Short text fragments from websites

# # #

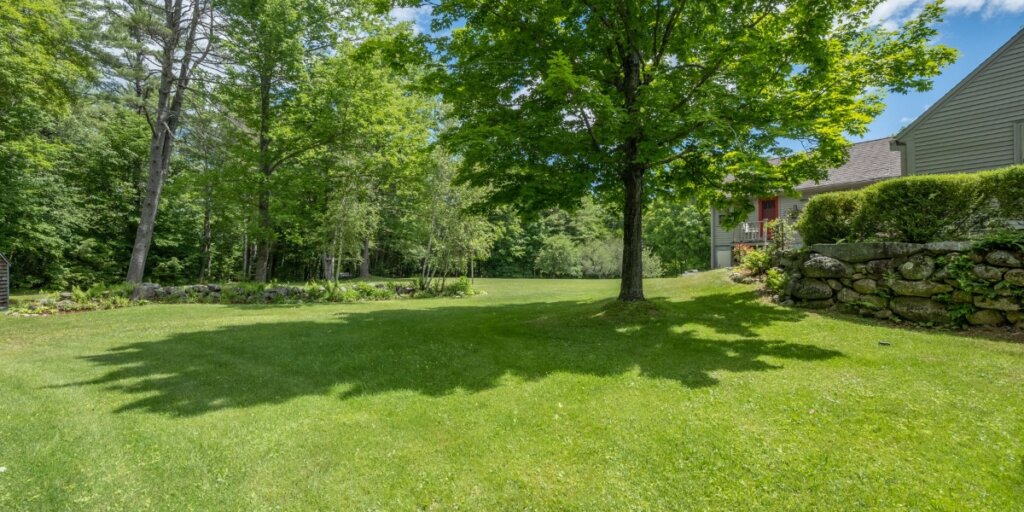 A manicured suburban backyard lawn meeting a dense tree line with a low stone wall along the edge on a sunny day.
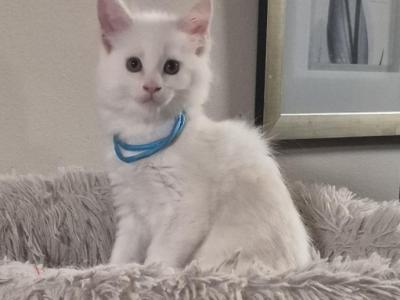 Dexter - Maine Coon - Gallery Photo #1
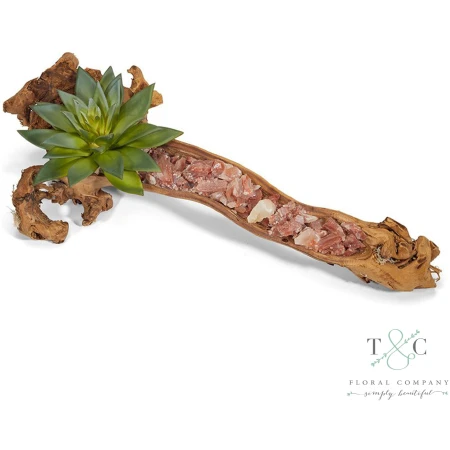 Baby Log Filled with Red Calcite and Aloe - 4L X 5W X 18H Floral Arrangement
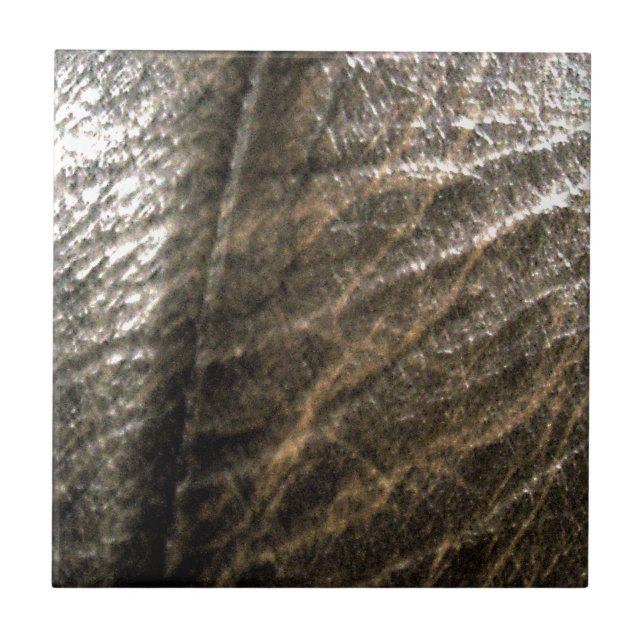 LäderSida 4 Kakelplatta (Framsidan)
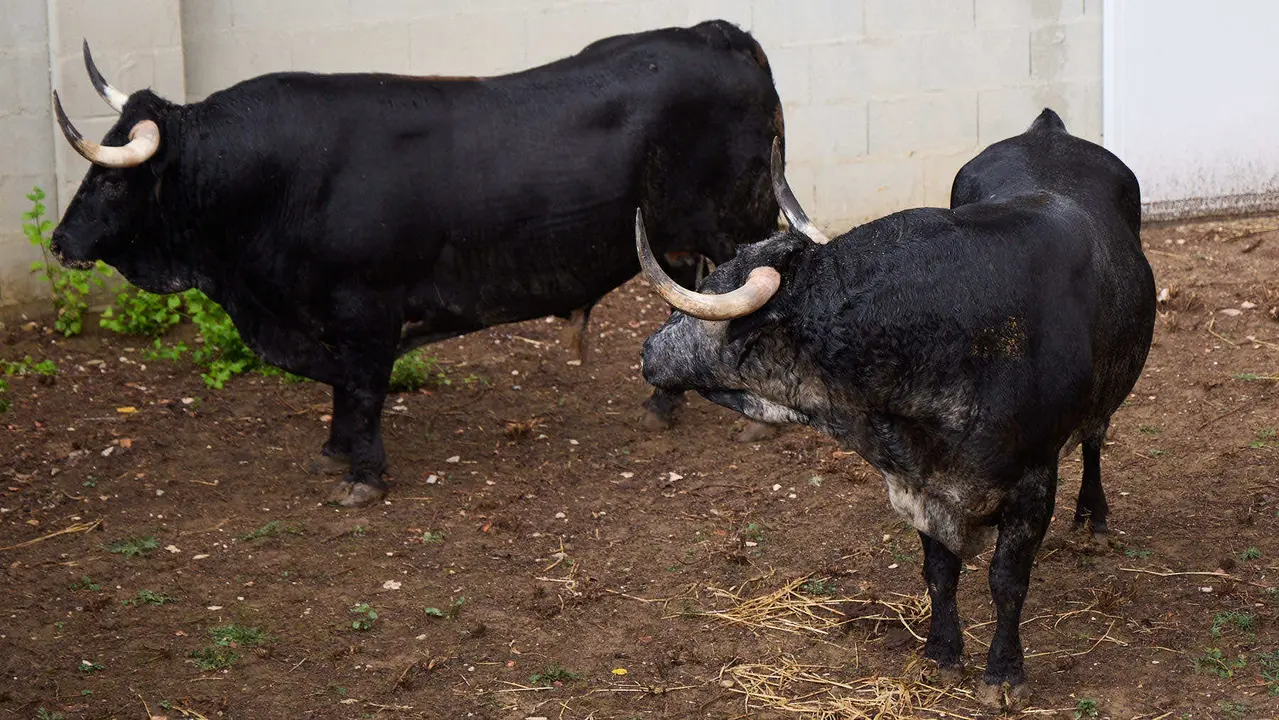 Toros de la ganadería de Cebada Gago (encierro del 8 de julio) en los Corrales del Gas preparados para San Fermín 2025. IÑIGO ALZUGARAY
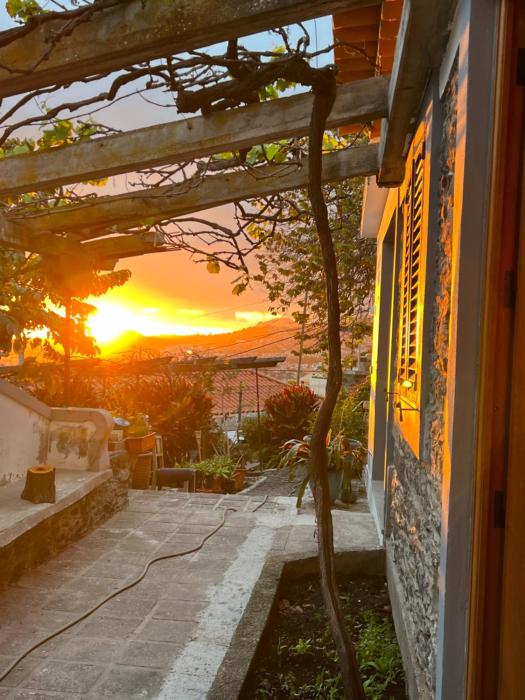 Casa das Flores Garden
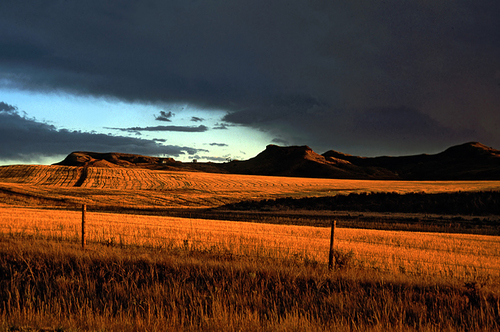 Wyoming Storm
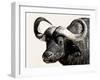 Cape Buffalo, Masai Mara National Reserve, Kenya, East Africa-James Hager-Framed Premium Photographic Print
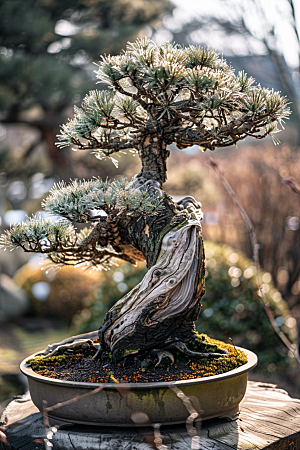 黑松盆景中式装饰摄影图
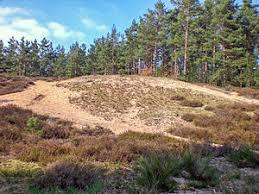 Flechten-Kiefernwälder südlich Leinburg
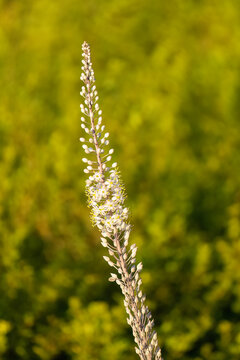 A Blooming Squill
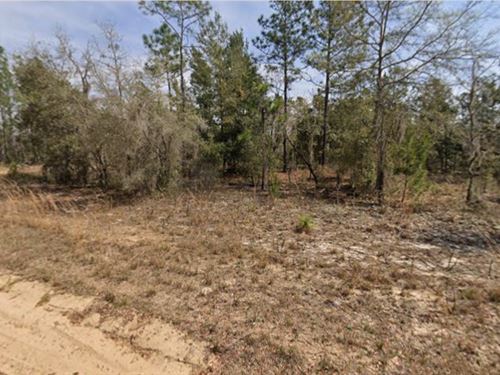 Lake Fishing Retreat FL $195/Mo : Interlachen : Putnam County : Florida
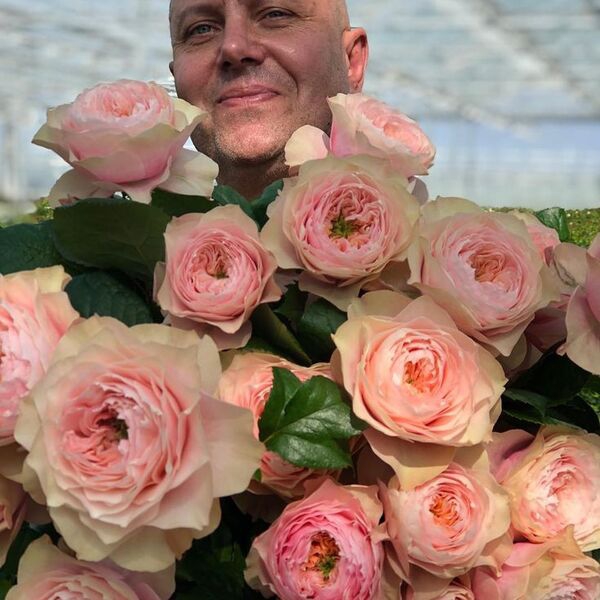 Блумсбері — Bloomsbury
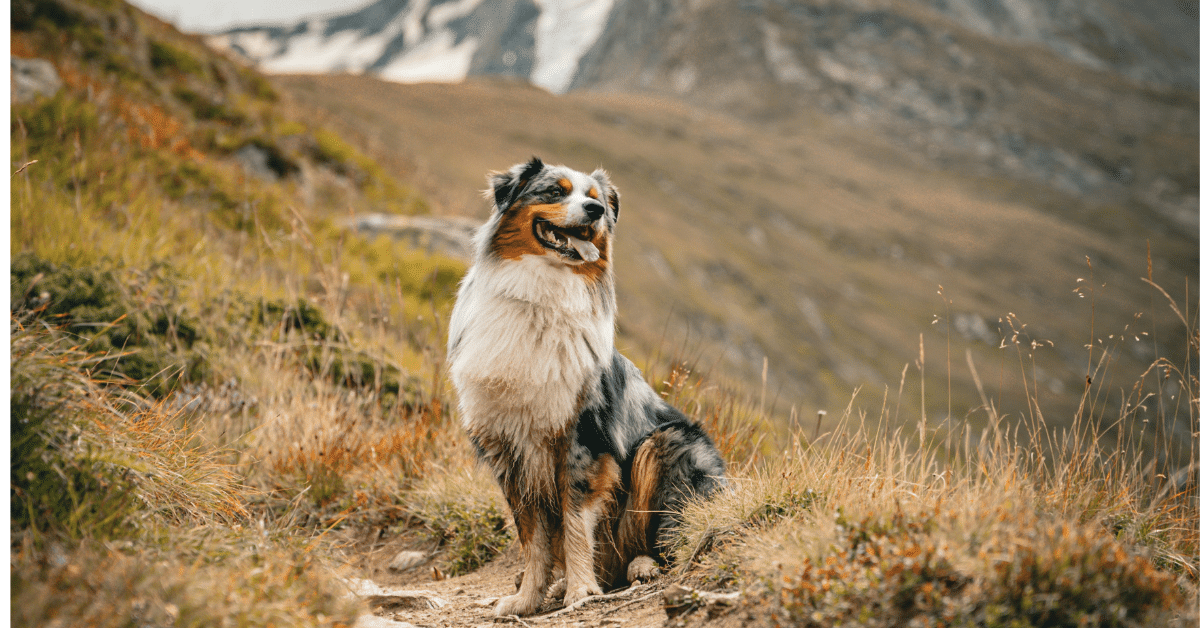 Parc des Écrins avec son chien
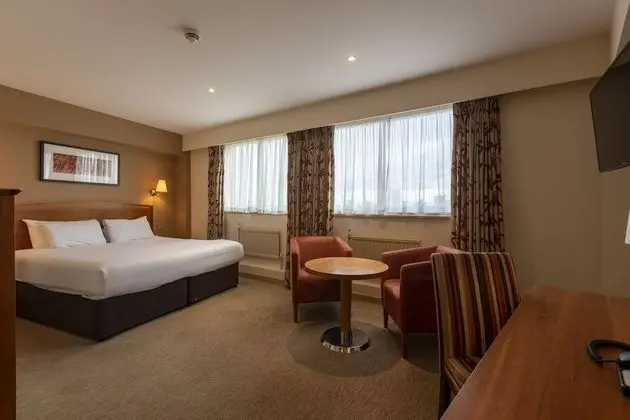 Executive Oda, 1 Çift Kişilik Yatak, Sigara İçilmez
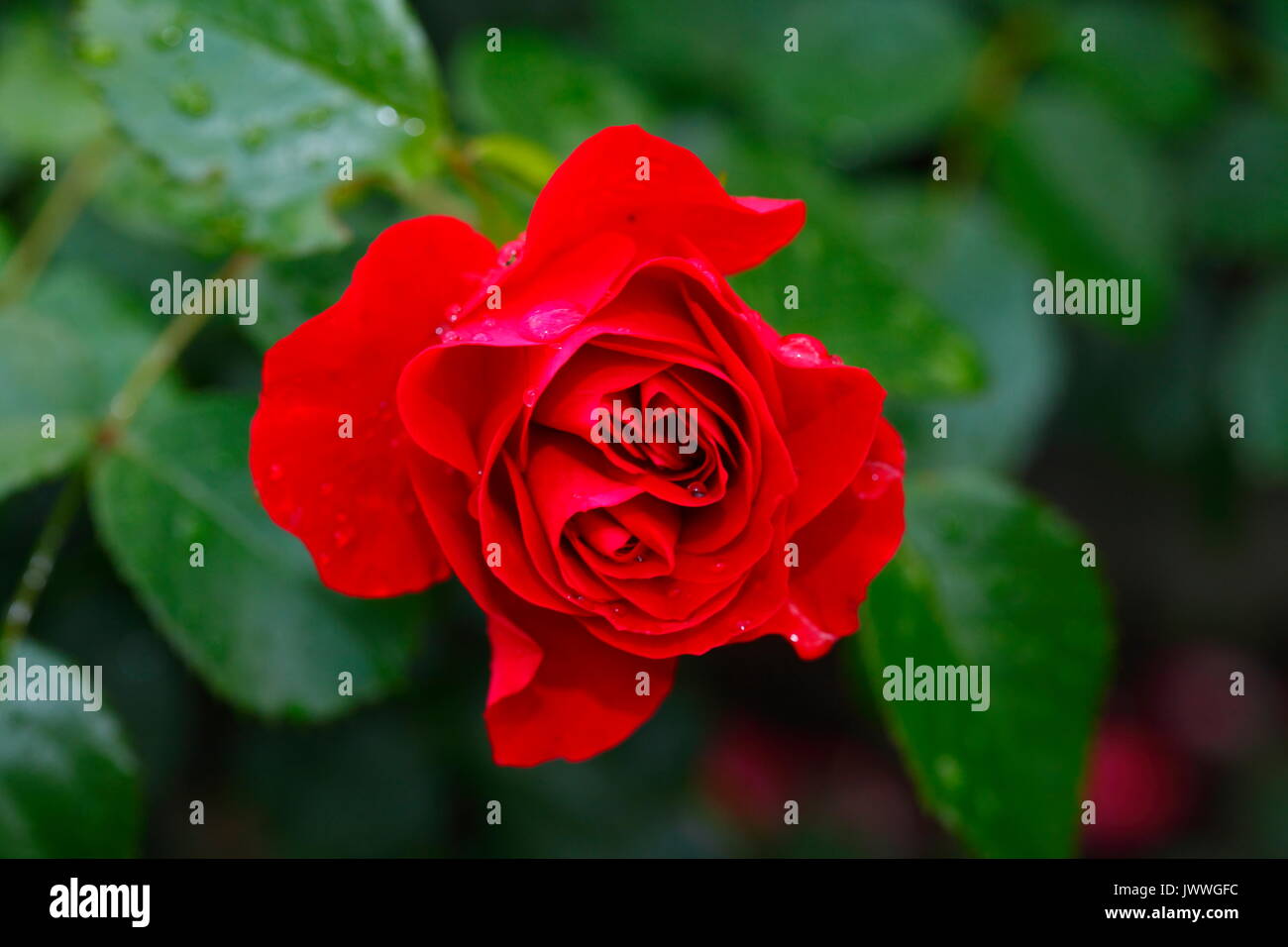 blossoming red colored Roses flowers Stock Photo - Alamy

# # #

- _THE PROBLEM_: Retype each line of the records exactly as it reads; no pictures belong in the copy.

- _REPLY TO THE EXERCISE_:
 A manicured suburban backyard lawn meeting a dense tree line with a low stone wall along the edge on a sunny day.
 Dexter - Maine Coon - Gallery Photo #1
 Baby Log Filled with Red Calcite and Aloe - 4L X 5W X 18H Floral Arrangement
 LäderSida 4 Kakelplatta (Framsidan)
 Toros de la ganadería de Cebada Gago (encierro del 8 de julio) en los Corrales del Gas preparados para San Fermín 2025. IÑIGO ALZUGARAY
 Casa das Flores Garden
 Wyoming Storm
 Cape Buffalo, Masai Mara National Reserve, Kenya, East Africa-James Hager-Framed Premium Photographic Print
 黑松盆景中式装饰摄影图
 Flechten-Kiefernwälder südlich Leinburg
 A Blooming Squill
 Lake Fishing Retreat FL $195/Mo : Interlachen : Putnam County : Florida
 Блумсбері — Bloomsbury
 Parc des Écrins avec son chien
 Executive Oda, 1 Çift Kişilik Yatak, Sigara İçilmez
 blossoming red colored Roses flowers Stock Photo - Alamy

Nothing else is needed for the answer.